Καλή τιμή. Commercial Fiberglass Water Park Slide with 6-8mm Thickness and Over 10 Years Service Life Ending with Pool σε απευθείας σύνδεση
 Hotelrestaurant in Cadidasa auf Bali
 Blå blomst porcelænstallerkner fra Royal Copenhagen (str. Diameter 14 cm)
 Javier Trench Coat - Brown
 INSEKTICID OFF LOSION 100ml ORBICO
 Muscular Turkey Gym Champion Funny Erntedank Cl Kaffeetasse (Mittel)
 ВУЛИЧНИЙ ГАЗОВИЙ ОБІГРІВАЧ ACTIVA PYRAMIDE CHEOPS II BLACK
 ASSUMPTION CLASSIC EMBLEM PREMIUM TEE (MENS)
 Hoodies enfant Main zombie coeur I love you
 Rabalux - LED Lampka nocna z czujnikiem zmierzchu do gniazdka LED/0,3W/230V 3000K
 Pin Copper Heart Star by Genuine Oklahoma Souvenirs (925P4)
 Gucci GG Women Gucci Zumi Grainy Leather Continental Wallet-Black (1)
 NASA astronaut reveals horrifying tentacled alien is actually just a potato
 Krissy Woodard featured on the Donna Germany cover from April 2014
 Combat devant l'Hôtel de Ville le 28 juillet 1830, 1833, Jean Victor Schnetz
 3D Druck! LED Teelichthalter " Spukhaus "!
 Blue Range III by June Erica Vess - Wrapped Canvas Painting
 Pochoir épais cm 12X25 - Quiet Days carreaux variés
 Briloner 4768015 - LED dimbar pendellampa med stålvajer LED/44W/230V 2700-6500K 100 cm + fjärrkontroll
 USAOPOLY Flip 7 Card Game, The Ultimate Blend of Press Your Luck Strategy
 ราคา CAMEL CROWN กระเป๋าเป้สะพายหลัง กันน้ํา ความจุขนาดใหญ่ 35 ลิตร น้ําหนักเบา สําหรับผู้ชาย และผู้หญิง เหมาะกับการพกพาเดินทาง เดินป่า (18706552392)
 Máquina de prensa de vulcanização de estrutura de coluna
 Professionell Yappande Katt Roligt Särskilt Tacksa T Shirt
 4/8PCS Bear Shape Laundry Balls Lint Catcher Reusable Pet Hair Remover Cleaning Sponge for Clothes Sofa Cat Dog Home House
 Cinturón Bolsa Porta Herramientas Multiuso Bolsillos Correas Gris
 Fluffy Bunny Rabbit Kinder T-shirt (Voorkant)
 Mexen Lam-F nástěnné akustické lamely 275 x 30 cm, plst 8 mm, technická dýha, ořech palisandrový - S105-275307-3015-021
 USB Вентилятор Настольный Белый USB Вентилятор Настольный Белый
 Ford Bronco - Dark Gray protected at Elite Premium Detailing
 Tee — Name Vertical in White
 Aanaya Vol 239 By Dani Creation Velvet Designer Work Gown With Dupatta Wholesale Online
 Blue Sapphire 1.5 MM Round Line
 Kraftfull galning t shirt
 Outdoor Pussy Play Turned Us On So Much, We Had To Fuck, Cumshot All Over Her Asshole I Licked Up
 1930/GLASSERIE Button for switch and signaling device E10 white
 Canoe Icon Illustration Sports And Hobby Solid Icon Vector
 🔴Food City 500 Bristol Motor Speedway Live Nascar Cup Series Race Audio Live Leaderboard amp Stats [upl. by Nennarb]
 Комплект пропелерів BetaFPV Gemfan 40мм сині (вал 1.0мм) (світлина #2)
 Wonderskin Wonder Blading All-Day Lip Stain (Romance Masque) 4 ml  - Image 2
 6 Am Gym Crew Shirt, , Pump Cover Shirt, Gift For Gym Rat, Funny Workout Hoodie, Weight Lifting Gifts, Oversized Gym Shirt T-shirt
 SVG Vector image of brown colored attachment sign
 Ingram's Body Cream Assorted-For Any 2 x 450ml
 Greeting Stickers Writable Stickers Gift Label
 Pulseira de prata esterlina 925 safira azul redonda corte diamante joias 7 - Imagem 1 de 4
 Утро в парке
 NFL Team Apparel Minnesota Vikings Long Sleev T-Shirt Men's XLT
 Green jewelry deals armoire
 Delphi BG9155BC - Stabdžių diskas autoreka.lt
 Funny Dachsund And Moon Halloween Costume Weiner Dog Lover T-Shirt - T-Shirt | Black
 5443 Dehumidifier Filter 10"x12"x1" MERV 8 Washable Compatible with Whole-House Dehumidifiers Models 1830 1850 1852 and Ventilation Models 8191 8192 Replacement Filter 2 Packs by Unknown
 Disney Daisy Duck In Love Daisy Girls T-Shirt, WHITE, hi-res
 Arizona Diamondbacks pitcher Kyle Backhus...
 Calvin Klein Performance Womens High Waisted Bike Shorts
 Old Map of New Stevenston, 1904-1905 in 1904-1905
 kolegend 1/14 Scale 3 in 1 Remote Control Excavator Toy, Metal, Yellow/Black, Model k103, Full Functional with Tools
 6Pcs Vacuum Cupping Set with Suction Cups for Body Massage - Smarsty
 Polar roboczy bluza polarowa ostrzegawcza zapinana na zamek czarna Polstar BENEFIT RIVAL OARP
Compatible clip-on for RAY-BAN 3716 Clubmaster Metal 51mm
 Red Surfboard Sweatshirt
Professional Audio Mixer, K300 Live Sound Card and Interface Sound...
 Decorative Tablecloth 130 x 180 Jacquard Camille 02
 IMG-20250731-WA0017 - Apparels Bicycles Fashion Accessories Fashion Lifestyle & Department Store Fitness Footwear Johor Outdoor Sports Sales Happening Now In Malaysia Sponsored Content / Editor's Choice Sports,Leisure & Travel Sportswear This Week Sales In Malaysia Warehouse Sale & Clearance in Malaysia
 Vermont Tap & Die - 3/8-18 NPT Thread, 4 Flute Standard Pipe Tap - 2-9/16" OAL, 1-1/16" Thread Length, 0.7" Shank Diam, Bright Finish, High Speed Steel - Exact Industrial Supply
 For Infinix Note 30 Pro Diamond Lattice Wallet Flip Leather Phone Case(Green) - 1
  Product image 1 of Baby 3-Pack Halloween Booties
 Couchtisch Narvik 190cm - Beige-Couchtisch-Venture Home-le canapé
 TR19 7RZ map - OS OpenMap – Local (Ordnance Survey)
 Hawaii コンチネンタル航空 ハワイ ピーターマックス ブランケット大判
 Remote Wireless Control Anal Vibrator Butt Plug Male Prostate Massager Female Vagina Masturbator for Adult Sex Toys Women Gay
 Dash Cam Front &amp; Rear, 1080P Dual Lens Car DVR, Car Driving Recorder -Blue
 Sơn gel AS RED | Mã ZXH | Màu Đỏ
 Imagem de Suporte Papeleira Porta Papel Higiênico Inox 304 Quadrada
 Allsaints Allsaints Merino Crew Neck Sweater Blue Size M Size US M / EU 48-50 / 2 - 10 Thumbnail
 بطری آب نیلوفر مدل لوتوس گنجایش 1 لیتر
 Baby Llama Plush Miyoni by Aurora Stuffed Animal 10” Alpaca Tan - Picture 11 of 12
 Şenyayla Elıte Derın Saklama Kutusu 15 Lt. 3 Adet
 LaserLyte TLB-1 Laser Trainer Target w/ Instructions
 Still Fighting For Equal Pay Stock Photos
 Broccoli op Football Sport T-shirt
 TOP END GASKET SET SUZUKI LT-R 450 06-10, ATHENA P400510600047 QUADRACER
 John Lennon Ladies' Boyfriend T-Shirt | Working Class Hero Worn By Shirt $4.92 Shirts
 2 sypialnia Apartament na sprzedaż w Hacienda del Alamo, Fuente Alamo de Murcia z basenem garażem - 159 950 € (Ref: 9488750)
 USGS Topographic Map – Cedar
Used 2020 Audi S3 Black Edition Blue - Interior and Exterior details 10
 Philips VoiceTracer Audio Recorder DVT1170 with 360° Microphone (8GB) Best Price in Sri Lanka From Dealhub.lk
───
_About this exercise_
From the records above, reproduce exactly the lines from the one with "Ford Bronco - Dark" to the one with "Kraftfull galning t shirt", both included, and no others.

_Task answer_
 Ford Bronco - Dark Gray protected at Elite Premium Detailing
 Tee — Name Vertical in White
 Aanaya Vol 239 By Dani Creation Velvet Designer Work Gown With Dupatta Wholesale Online
 Blue Sapphire 1.5 MM Round Line
 Kraftfull galning t shirt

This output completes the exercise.